# Diluting wine with grape juice???



## bstnh1 (Feb 17, 2013)

Has anyone tried reducing the abv by diluting the finished product with regular store bought grape juice like Welch's? I'm looking to make a slightly sweet red with an abv somewhere in the 8 - 10% range.


----------



## Rocky (Feb 17, 2013)

I believe a lot of people on the forum do this. Be sure to stabilize the wine with K-meta and K-sorbate before adding the juice to prevent re-fermentation.


----------



## Wade E (Feb 17, 2013)

If you want it much sweeter you may want to add some concentrated so as not to dilute the wine too much to get the sweetness you want.


----------



## skyrat (Feb 17, 2013)

I use Welches concentrate to back sweeten frequently. More to raise to a desired sweetness and to add flavor. If you like the flavor before back sweetening,, be aware concentrate is going to change flavor more than a juice or even a sugar/water addition (which will add sweetness without additional flavorings).
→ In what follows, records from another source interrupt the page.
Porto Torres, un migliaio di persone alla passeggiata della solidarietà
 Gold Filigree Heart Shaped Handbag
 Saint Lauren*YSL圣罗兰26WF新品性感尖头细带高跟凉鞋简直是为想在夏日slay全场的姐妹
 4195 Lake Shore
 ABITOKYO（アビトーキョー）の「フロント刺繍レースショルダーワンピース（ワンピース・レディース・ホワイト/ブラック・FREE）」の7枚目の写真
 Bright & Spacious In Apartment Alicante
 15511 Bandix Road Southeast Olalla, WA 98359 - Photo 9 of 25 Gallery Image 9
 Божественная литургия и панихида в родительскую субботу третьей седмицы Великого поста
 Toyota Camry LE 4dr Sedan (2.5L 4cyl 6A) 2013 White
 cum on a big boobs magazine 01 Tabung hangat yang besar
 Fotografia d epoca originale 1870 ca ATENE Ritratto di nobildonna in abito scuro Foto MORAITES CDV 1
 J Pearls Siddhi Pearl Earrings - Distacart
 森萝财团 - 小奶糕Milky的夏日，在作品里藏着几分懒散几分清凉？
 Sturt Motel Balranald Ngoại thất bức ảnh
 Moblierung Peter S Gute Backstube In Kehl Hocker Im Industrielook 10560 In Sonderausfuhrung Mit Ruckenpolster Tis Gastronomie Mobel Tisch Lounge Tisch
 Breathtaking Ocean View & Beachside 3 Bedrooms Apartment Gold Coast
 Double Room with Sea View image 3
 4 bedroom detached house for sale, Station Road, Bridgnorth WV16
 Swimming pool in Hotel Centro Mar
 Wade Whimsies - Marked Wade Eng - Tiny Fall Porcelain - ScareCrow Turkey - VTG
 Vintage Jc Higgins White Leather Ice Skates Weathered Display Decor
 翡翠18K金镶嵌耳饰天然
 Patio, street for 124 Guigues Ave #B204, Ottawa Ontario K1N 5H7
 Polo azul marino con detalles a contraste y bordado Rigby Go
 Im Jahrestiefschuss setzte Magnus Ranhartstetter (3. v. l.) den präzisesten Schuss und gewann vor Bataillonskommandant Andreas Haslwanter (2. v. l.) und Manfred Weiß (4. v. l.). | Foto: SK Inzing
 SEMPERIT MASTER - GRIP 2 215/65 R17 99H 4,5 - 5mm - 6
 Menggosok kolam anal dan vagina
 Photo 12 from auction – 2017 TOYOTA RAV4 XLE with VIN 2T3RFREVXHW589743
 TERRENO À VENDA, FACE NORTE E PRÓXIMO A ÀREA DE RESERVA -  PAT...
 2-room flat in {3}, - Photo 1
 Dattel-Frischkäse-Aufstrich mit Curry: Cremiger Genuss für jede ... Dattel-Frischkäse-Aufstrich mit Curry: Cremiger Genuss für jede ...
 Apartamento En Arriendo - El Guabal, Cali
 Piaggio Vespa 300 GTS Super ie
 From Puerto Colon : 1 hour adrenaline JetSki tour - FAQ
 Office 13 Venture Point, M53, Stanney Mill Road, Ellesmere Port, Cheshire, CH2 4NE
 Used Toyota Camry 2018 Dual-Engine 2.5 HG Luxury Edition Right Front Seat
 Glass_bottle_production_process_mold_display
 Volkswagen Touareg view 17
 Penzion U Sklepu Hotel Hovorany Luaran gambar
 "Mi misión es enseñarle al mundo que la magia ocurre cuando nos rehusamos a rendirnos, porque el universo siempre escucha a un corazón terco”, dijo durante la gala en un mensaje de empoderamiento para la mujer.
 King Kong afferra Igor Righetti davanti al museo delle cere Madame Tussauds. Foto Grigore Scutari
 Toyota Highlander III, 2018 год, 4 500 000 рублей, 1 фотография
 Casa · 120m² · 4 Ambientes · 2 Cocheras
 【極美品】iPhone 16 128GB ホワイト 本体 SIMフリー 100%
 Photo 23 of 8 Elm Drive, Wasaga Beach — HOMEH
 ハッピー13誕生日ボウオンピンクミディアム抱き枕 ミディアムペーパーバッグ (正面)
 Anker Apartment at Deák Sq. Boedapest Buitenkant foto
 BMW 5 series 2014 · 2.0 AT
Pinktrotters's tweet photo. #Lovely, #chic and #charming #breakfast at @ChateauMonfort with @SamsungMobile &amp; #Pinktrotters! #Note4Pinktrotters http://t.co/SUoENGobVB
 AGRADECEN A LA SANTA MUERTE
As Long as you are stable as Rocky mentioned and your intention is to reduce alcohol content whatever you use is just a proportional dilution to your initial finished ABV. Formula available if you want (email easier) as it is in an Excel file (with examples).


----------



## jswordy (Feb 18, 2013)

I'd be careful going below 10% ABV, unless you plan to drink it all up very young or you plan to preserve it more heavily.

I suggest drinking it all up as soon as possible.


----------



## skyrat (Feb 18, 2013)

DITTO with jswordy. Under 10% use care.


----------